Your goal => Print out each record below, unaltered and complete, without its images.
#### Dataset content ####
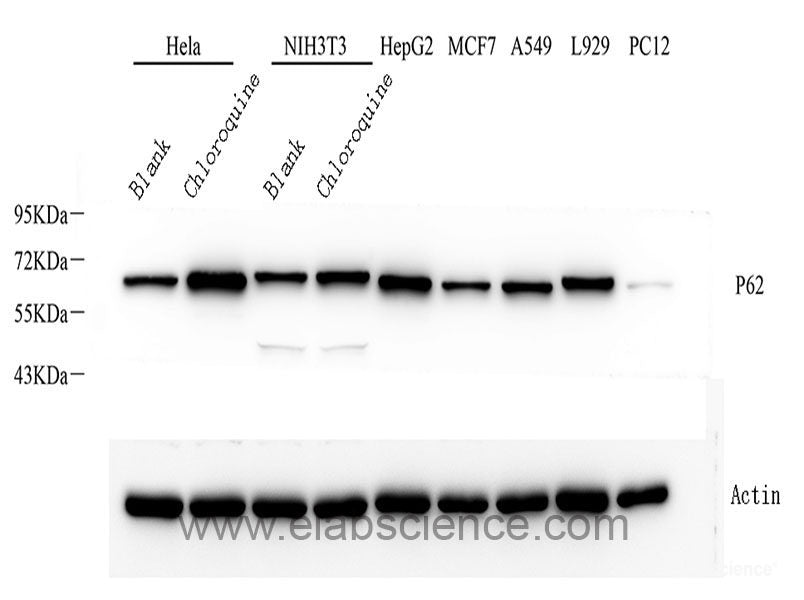 Immunohistochemistry of paraffin-embedded Human prostate using NEDD4 Polyclonal Antibody at dilution of 1:200 (40x lens).
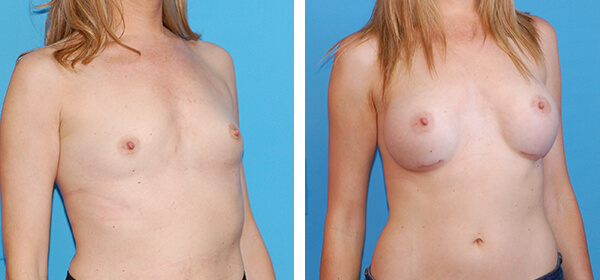 , Breast Augmentation &#8211; Patient 54
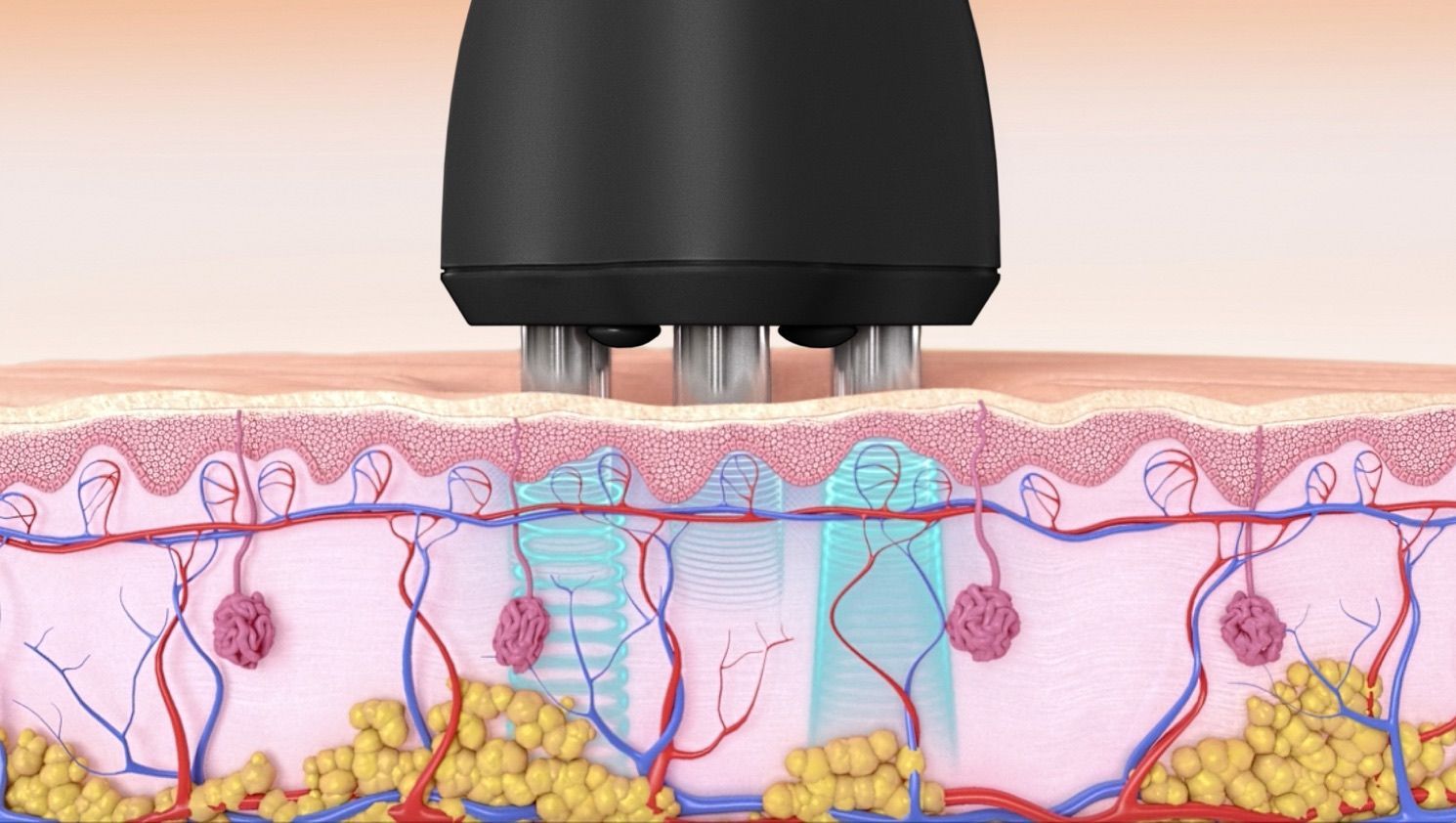 Wrinkle Reduction treatment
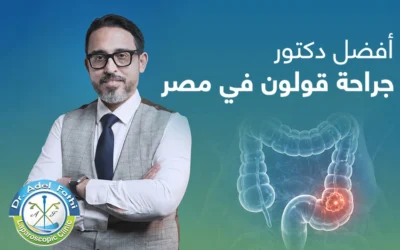 معايير اختيار أفضل دكتور جراحة قولون في مصر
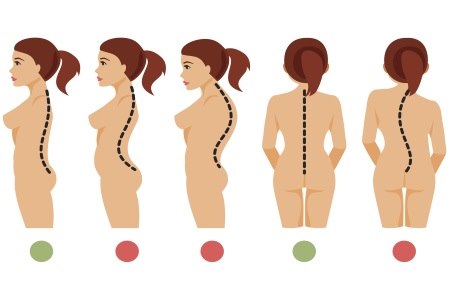 סוגי העקמת בעמוד השדרה. אילוסטרציה: thinkstock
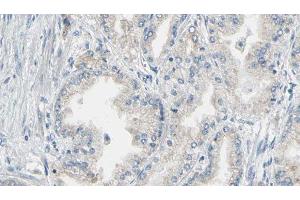 ABIN6276843 at 1/100 staining Human prostate tissue by IHC-P. (Annexin V 抗体  (C-Term))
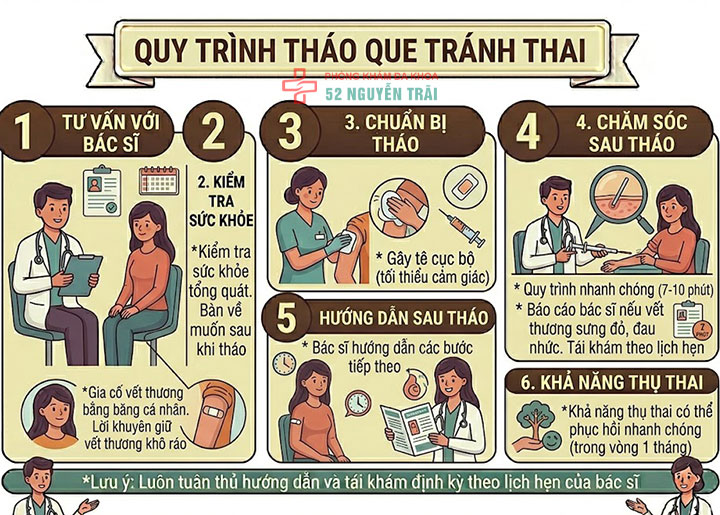 Cấy que tránh thai: Giải pháp ngừa thai hiện đại, an toàn 11 Quy trình tháo que tránh thai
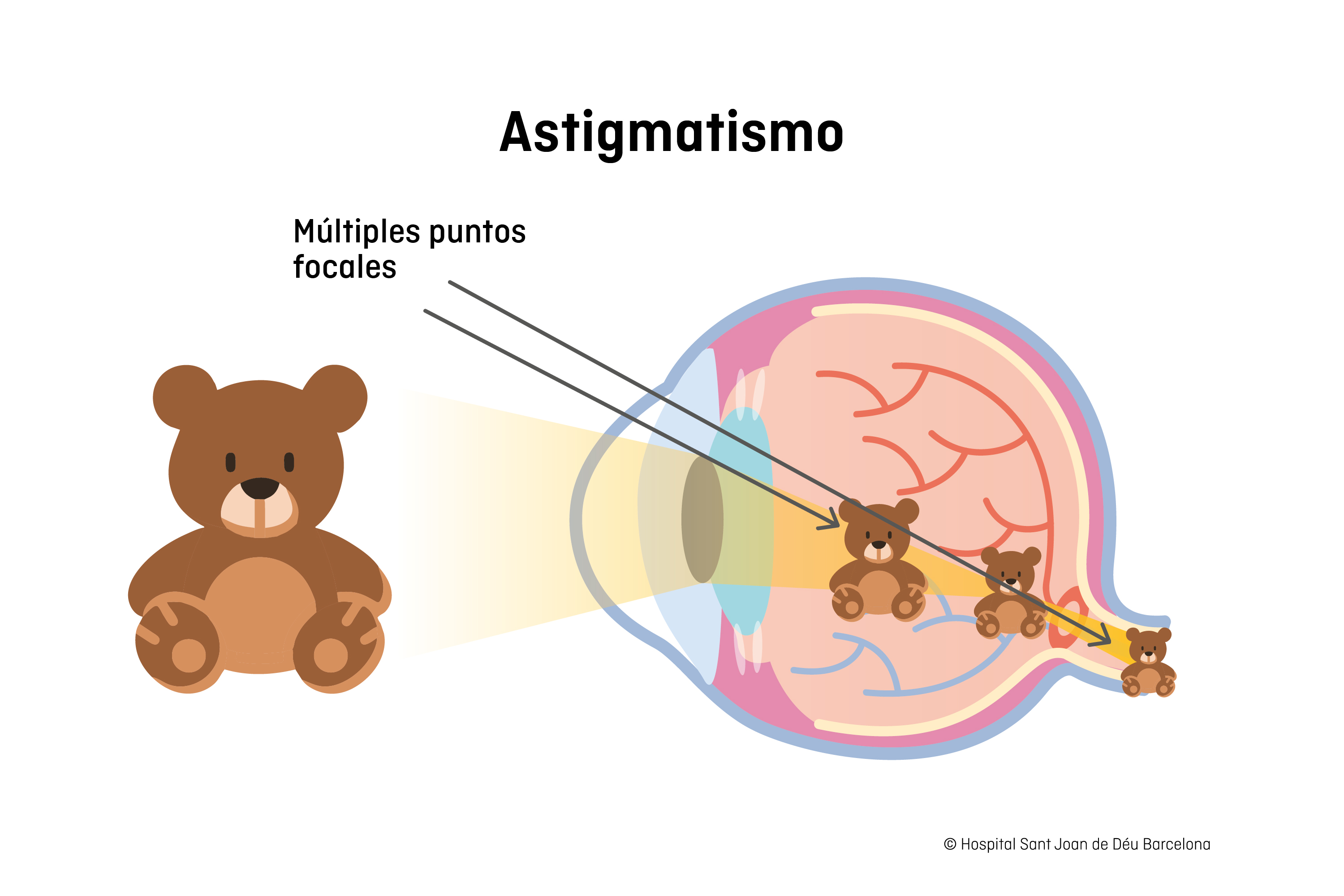 Astigmatismo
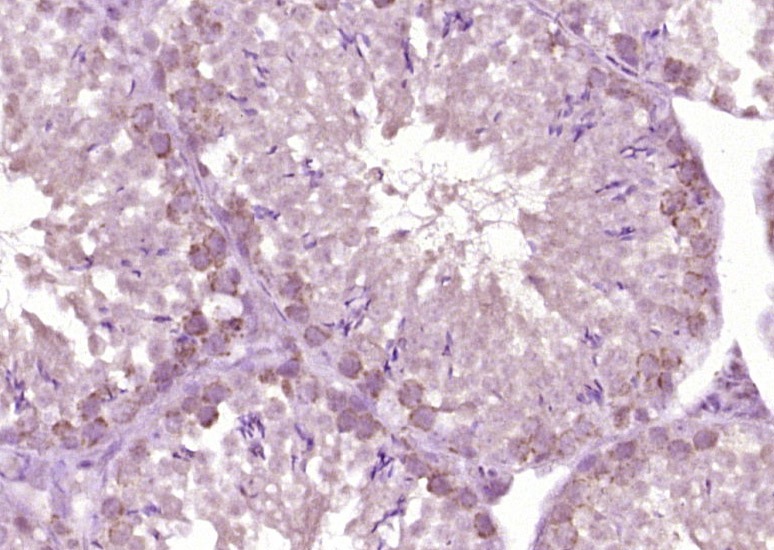 Anti-HSD17B3 Polyclonal Antibody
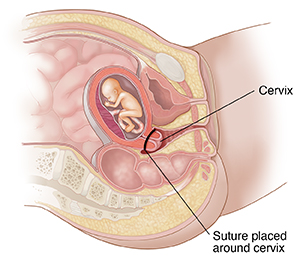 Cross section of female pelvis and abdomen showing fetus in uterus and stitch holding cervix closed.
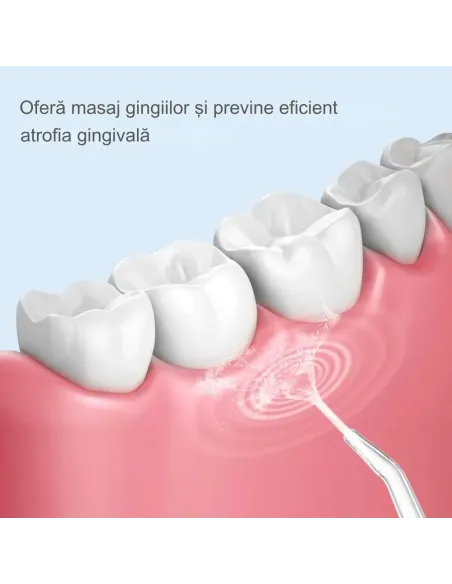Irigator Bucal Portabil cu 3 Niveluri de Presiune, 4 Capete – Curățare 360° pentru Dinți și Gingii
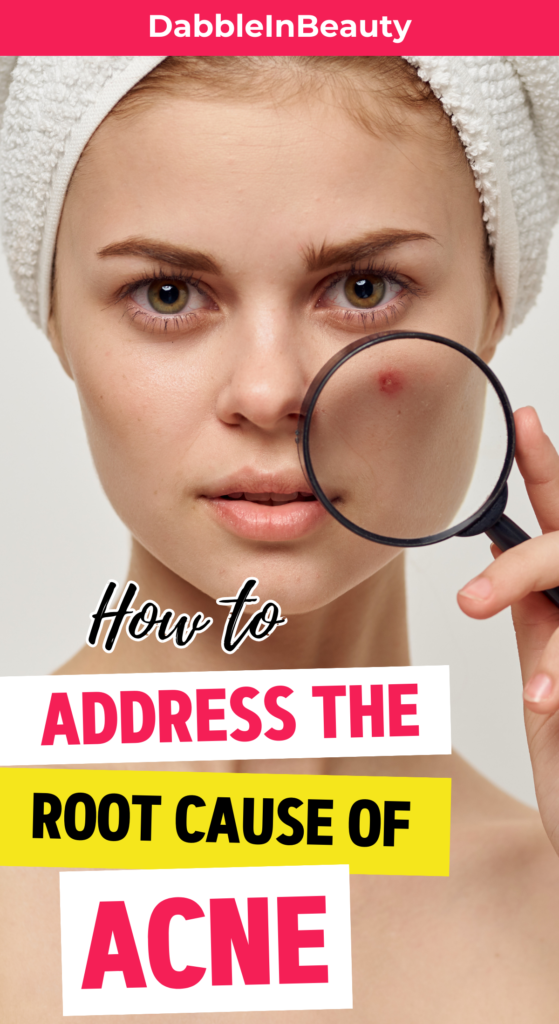 Address the root cause of acne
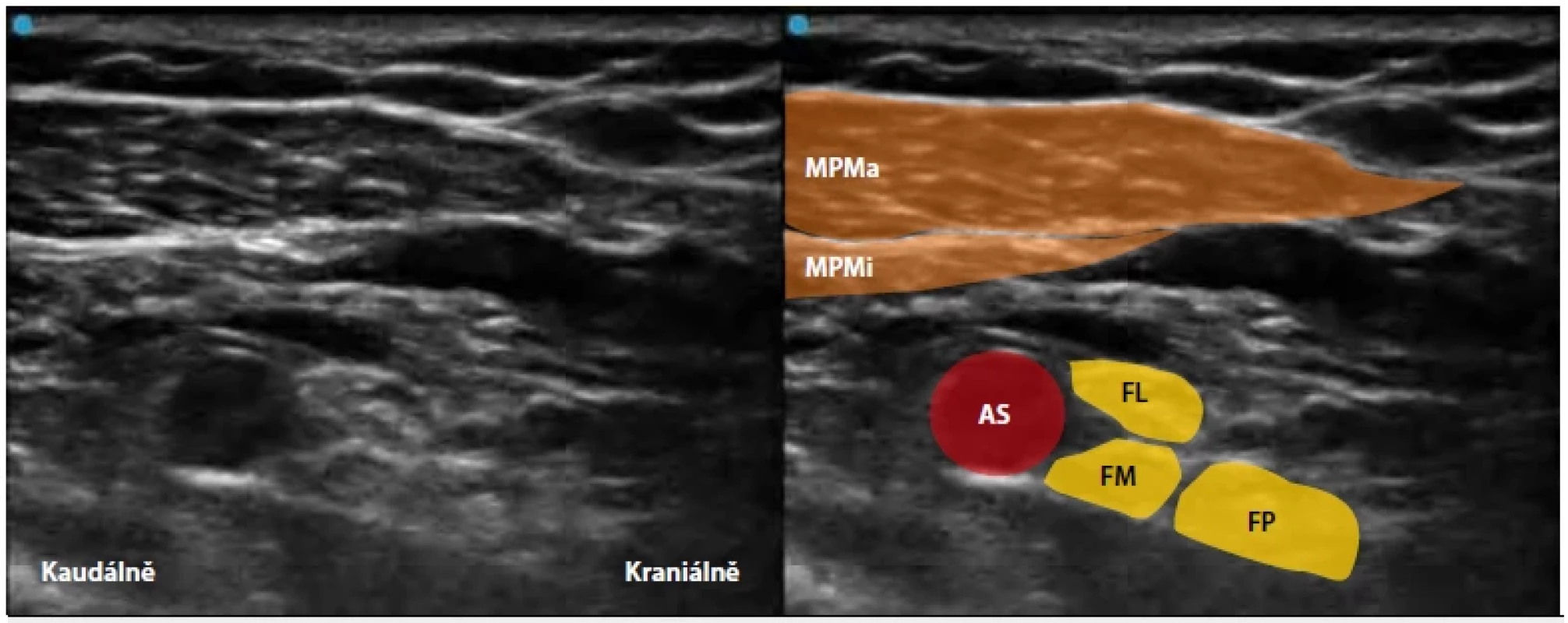 Infraklavikulární blokáda plexus brachialis
Kaudálně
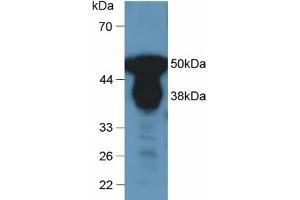 Western blot analysis of Human Urine. (Pepsin antibody)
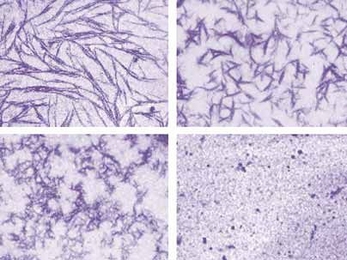 In the upper left, amyloid fibers at first resist any attempt to disrupt their structure. Hsp104, however, breaks them apart until, bottom right, they have been completely dissolved.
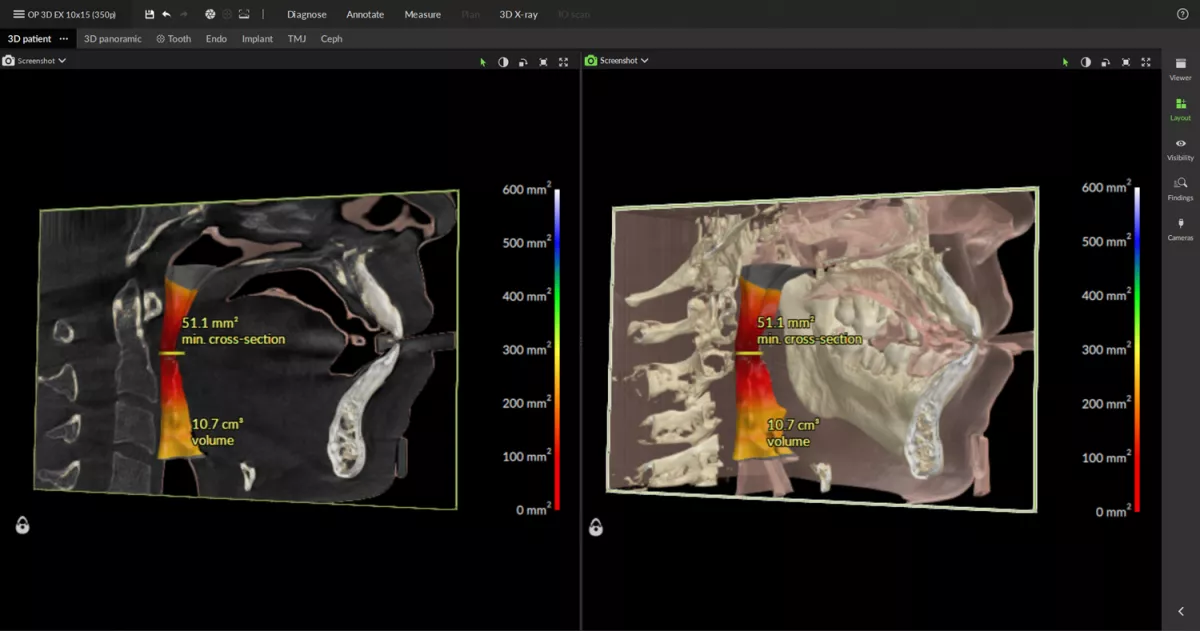 OP 3D EX - Airway analytsis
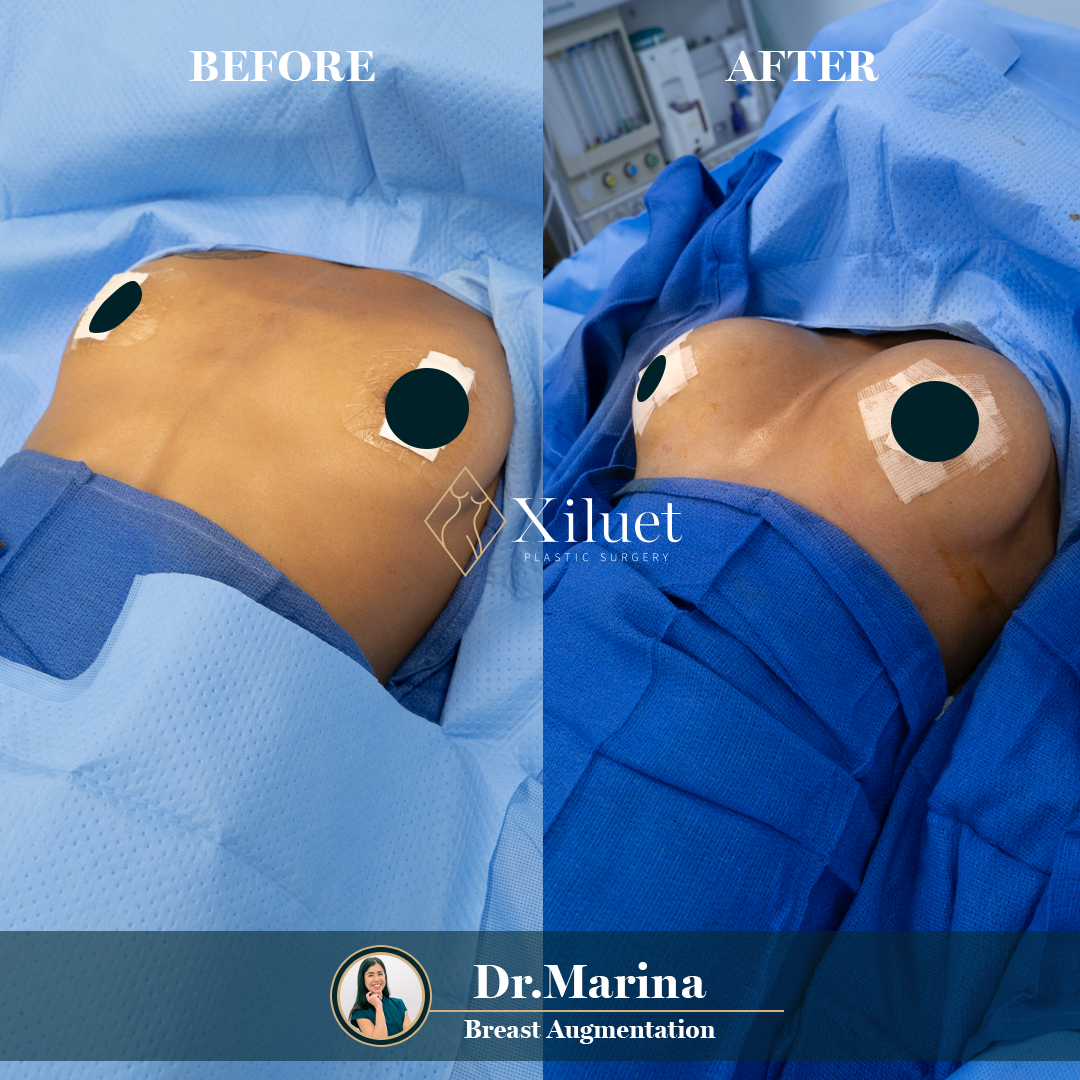 dr.marina-aumento-senos-11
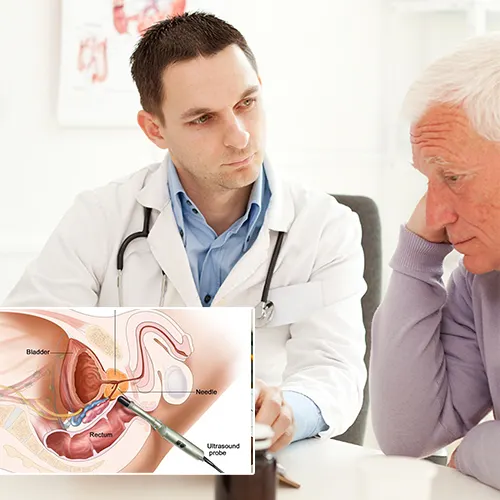 The Process of Penile Implant Surgery at Virtua Center for Surgery
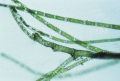 Chlorophyta (green algae)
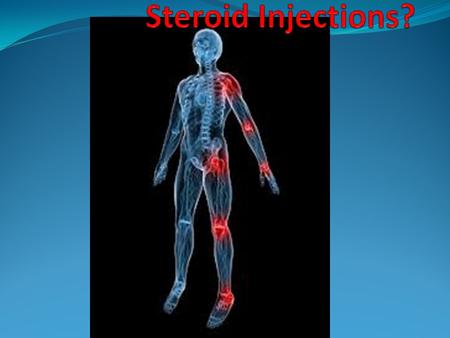 Who is a steroid injection for? Steroid injections are determined by the doctor based on the needs of each patient. If you have any questions about steroid.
####
Solution for this task =>
 Immunohistochemistry of paraffin-embedded Human prostate using NEDD4 Polyclonal Antibody at dilution of 1:200 (40x lens).
 , Breast Augmentation &#8211; Patient 54
 Wrinkle Reduction treatment
 معايير اختيار أفضل دكتور جراحة قولون في مصر
 סוגי העקמת בעמוד השדרה. אילוסטרציה: thinkstock
 ABIN6276843 at 1/100 staining Human prostate tissue by IHC-P. (Annexin V 抗体  (C-Term))
 Cấy que tránh thai: Giải pháp ngừa thai hiện đại, an toàn 11 Quy trình tháo que tránh thai
 Astigmatismo
 Anti-HSD17B3 Polyclonal Antibody
 Cross section of female pelvis and abdomen showing fetus in uterus and stitch holding cervix closed.
Irigator Bucal Portabil cu 3 Niveluri de Presiune, 4 Capete – Curățare 360° pentru Dinți și Gingii
 Address the root cause of acne
 Infraklavikulární blokáda plexus brachialis
Kaudálně
 Western blot analysis of Human Urine. (Pepsin antibody)
 In the upper left, amyloid fibers at first resist any attempt to disrupt their structure. Hsp104, however, breaks them apart until, bottom right, they have been completely dissolved.
 OP 3D EX - Airway analytsis
 dr.marina-aumento-senos-11
 The Process of Penile Implant Surgery at Virtua Center for Surgery
 Chlorophyta (green algae)
 Who is a steroid injection for? Steroid injections are determined by the doctor based on the needs of each patient. If you have any questions about steroid.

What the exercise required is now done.